À l’époque du SMS, de Twitter et des newsletters, le livre et les métiers de l’édition qui permettent sa production semblent d’un autre âge. Martine Prosper, secrétaire générale du Syndicat national Livre-Édition CFDT, s’inscrit en faux contre cette idée et dans son ouvrage décrit un secteur économique et des métiers toujours attractifs mais dont les pratiques sociales ne sont pas à la hauteur de l’image entretenue autour du prestige de l’édition.

Contrairement aux idées reçues, dans la consommation familiale moyenne, le livre a toujours la première place dans le budget « culture ». C’est donc un secteur économique dynamique mais où les décideurs jouent sur le mythe de « l’amour du livre » pour entretenir une nébuleuse autour de leurs résultats économiques et maintenir ainsi les salariés de la filière dans des situations précaires (stagiaires, CDD et autres) qui durent souvent bien au-delà de la légalité. Martine Prosper pointe le paradoxe de cette profession qui est fière de son prestige mais contribue à dévaloriser son cœur de métier en exploitant ses salariés avec des rémunérations de plus en plus basses et des emplois de moins en moins qualifiés. Car le social est bien la face sombre de ce secteur et seule l’action collective à travers le syndicalisme a permis et permettra de rétablir les équilibres de cette entreprise « culturelle » et de remettre de l’humain au cœur du métier. C’est un des intérêts de cet ouvrage écrit par une professionnelle (Martine Prosper est éditrice, responsable de la prescription chez Flammarion) qui est aussi une actrice du secteur (responsable de la CFDT Livre-Édition, elle est aussi secrétaire du Comité d’entreprise et du Comité de groupe Flammarion, déléguée syndicale).

Pour mieux appréhender le monde de l’édition aujourd’hui, cet ouvrage décortique les évolutions des métiers et des rôles ; le pouvoir est ainsi passé du directeur littéraire au directeur commercial et aujourd’hui au contrôleur de gestion dont la bible est la comptabilité analytique ! Quid alors d’un ouvrage de poésie autrefois financé par un bestseller ? Qui décidera demain de la ligne éditoriale ?

Dans ce secteur comme dans les autres, l’emballement du modèle économique, la durée de vie de plus en plus courte du produit « livre » risque d’étouffer l’objet même qui fait vivre l’édition.

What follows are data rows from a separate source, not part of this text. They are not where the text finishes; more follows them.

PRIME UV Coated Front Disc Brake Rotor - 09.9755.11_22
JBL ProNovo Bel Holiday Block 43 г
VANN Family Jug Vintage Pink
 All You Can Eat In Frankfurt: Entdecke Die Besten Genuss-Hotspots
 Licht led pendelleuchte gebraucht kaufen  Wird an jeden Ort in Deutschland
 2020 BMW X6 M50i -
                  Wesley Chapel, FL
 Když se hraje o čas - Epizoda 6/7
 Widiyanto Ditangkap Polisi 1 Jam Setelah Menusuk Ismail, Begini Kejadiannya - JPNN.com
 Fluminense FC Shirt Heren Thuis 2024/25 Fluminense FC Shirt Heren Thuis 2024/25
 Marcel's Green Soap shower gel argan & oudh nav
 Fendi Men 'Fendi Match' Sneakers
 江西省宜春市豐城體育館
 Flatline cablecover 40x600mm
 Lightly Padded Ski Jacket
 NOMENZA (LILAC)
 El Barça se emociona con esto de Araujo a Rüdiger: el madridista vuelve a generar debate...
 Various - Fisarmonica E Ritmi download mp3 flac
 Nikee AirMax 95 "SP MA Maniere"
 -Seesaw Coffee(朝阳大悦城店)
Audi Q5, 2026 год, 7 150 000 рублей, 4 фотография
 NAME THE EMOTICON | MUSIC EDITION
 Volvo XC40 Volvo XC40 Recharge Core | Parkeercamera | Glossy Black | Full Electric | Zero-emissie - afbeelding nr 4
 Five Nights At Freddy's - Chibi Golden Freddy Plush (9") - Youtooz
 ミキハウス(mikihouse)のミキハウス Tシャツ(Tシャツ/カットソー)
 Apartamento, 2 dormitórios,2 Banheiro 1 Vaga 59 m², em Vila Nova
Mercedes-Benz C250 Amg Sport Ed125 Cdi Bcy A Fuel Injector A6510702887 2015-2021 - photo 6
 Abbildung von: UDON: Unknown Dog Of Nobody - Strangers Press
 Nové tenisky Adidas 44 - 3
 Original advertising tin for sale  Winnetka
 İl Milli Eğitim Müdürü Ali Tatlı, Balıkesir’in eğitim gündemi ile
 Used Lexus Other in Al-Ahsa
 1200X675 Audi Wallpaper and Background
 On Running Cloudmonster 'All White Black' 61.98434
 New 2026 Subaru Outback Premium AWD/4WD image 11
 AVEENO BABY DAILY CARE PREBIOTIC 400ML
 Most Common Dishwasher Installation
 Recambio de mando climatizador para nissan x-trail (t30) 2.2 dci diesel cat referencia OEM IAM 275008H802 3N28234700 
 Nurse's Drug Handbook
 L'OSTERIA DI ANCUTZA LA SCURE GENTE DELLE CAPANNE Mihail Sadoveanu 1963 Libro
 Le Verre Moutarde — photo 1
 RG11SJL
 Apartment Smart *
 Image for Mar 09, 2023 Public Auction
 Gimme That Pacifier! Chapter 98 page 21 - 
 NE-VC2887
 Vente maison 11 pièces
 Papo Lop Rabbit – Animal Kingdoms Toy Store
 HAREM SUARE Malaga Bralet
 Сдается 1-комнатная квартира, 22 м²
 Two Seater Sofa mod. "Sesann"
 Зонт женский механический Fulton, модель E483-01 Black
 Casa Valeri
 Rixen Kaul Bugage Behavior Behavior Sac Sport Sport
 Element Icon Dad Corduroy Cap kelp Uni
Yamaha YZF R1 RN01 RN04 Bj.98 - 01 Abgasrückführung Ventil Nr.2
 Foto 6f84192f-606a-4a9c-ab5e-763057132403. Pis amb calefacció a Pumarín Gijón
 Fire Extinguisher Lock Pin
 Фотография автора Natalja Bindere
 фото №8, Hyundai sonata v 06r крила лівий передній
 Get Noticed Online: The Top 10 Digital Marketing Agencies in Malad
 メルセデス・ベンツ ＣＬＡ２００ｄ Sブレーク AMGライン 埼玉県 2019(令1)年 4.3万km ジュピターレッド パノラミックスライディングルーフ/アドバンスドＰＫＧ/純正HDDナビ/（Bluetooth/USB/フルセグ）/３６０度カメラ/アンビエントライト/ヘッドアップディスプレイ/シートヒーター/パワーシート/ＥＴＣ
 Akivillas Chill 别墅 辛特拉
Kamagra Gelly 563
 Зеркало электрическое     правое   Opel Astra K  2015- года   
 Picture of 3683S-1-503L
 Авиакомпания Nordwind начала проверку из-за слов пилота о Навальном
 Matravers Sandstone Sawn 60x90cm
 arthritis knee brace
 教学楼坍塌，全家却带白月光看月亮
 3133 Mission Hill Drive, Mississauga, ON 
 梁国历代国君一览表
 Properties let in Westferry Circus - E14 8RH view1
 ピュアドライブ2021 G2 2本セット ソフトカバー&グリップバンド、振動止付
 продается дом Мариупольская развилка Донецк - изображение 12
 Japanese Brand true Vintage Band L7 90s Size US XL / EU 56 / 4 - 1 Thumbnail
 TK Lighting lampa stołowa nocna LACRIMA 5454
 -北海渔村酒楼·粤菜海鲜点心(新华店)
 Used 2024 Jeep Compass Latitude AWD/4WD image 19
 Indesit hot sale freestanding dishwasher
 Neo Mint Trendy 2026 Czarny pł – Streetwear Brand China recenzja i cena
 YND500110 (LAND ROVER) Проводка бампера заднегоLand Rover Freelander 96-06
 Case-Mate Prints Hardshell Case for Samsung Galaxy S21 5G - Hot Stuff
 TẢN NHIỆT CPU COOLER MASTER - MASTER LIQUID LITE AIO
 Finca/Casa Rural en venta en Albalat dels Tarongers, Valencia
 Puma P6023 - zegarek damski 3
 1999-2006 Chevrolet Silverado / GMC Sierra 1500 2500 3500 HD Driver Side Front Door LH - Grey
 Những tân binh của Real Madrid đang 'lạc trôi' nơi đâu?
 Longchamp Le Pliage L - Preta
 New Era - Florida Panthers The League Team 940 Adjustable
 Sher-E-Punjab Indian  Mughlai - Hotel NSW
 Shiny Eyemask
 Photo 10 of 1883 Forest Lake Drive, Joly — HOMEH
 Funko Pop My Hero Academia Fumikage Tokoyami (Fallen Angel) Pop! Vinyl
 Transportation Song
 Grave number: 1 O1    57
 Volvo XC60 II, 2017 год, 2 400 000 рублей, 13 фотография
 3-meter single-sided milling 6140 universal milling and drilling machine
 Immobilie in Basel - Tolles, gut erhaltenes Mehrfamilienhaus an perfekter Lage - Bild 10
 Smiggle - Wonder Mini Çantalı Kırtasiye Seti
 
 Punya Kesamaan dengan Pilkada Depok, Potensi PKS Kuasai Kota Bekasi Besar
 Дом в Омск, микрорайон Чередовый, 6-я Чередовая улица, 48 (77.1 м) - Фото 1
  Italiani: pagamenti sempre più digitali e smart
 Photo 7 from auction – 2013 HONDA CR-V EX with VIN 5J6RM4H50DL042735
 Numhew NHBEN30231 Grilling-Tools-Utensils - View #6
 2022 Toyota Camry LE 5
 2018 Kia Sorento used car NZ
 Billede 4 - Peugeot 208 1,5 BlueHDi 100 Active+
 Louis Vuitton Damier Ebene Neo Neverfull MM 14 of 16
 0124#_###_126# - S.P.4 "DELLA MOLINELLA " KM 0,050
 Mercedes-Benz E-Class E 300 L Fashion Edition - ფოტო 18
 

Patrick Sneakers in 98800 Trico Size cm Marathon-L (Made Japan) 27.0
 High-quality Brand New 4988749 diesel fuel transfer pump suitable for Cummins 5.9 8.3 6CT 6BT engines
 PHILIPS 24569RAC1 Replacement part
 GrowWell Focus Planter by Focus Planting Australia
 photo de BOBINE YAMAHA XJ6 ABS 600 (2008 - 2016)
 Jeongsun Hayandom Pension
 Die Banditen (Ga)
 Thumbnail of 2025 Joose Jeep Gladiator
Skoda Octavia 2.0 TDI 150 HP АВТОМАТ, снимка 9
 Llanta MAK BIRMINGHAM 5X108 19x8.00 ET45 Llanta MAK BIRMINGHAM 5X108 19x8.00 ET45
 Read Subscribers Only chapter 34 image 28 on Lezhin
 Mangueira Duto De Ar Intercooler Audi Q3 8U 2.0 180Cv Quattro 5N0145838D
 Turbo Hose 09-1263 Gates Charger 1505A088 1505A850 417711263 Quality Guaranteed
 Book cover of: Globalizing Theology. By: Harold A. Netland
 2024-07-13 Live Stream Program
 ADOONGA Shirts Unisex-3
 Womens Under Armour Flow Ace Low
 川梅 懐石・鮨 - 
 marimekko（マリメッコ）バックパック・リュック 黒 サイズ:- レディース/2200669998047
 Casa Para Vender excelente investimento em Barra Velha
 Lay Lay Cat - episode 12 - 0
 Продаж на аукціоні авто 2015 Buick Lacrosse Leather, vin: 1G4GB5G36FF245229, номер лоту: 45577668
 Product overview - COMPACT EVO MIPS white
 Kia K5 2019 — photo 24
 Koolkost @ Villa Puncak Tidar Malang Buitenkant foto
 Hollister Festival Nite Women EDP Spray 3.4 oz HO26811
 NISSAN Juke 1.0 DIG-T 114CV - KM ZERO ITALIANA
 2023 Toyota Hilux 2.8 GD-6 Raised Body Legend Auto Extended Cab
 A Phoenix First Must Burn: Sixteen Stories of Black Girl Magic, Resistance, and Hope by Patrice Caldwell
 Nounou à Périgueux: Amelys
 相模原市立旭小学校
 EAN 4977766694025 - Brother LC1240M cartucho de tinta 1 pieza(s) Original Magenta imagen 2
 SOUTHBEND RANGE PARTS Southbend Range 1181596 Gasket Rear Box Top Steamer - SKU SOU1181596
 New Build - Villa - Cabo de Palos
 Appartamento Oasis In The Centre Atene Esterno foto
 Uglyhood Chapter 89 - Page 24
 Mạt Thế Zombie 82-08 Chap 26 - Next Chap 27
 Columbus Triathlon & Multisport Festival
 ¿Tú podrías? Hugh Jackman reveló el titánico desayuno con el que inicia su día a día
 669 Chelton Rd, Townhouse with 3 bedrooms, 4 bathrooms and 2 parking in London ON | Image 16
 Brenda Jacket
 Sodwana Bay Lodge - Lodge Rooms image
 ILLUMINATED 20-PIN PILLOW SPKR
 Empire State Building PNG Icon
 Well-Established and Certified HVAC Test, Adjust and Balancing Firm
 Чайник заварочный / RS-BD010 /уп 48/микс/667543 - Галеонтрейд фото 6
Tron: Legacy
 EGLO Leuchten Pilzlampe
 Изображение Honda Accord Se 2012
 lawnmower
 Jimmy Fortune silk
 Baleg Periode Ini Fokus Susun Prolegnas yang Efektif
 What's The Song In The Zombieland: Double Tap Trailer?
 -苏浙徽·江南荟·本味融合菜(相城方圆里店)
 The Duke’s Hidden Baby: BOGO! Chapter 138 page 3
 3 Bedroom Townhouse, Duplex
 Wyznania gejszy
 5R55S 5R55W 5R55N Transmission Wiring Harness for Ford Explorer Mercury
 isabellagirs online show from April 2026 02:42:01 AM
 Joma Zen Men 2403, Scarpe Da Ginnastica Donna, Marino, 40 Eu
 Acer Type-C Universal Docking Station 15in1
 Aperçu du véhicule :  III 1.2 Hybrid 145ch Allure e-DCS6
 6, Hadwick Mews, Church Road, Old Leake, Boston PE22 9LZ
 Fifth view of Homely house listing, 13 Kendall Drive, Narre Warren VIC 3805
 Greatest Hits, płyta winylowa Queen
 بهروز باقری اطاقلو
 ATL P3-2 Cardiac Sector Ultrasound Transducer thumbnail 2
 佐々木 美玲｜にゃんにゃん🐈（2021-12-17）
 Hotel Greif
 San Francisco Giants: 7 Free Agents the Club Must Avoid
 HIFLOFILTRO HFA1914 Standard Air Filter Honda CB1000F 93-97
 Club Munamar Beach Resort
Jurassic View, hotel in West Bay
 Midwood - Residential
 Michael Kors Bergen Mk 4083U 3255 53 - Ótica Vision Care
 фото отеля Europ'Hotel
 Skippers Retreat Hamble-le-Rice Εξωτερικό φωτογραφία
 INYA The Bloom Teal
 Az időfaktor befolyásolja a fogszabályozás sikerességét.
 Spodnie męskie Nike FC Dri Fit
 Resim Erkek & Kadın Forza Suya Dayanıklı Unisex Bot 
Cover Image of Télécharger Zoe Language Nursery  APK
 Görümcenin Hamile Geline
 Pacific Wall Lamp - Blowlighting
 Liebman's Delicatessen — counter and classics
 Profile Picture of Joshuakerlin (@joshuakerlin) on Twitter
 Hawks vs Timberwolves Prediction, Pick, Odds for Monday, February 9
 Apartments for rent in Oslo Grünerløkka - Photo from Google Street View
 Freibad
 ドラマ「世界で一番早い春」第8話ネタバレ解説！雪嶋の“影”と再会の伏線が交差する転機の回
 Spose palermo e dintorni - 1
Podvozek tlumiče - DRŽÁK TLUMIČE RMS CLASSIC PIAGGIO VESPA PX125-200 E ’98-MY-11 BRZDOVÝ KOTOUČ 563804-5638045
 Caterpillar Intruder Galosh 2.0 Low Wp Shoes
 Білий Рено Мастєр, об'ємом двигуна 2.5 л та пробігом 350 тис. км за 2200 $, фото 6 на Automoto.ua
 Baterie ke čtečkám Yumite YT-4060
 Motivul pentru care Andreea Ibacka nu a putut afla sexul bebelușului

Les essais de publication numérique même peu probants à ce jour, sont aussi susceptibles de remettre en cause ce secteur encore dynamique. Dans l’édition, comme dans nombre de secteurs de production, cette analyse montre l’importance d’un rééquilibrage des pouvoirs entre les acteurs sous peine de voir s’éteindre un secteur économique par perte de qualité de l’objet même ayant fait son prestige initial !

Martine Prosper aborde également dans son propos la question de la distribution, essentielle à la survie de l’édition et note le rôle encore primordial joué par les libraires qui même si eux aussi vivent en situation précaire, sont pourtant des médiateurs incontournables entre les éditeurs, la distribution et le lecteur.

Un livre pédagogique, passionnant et qui au-delà des questions économiques et sociales, nous interroge sur la liberté de création et de circulation des idées face à la rentabilité et sur l’avenir du droit d’auteur.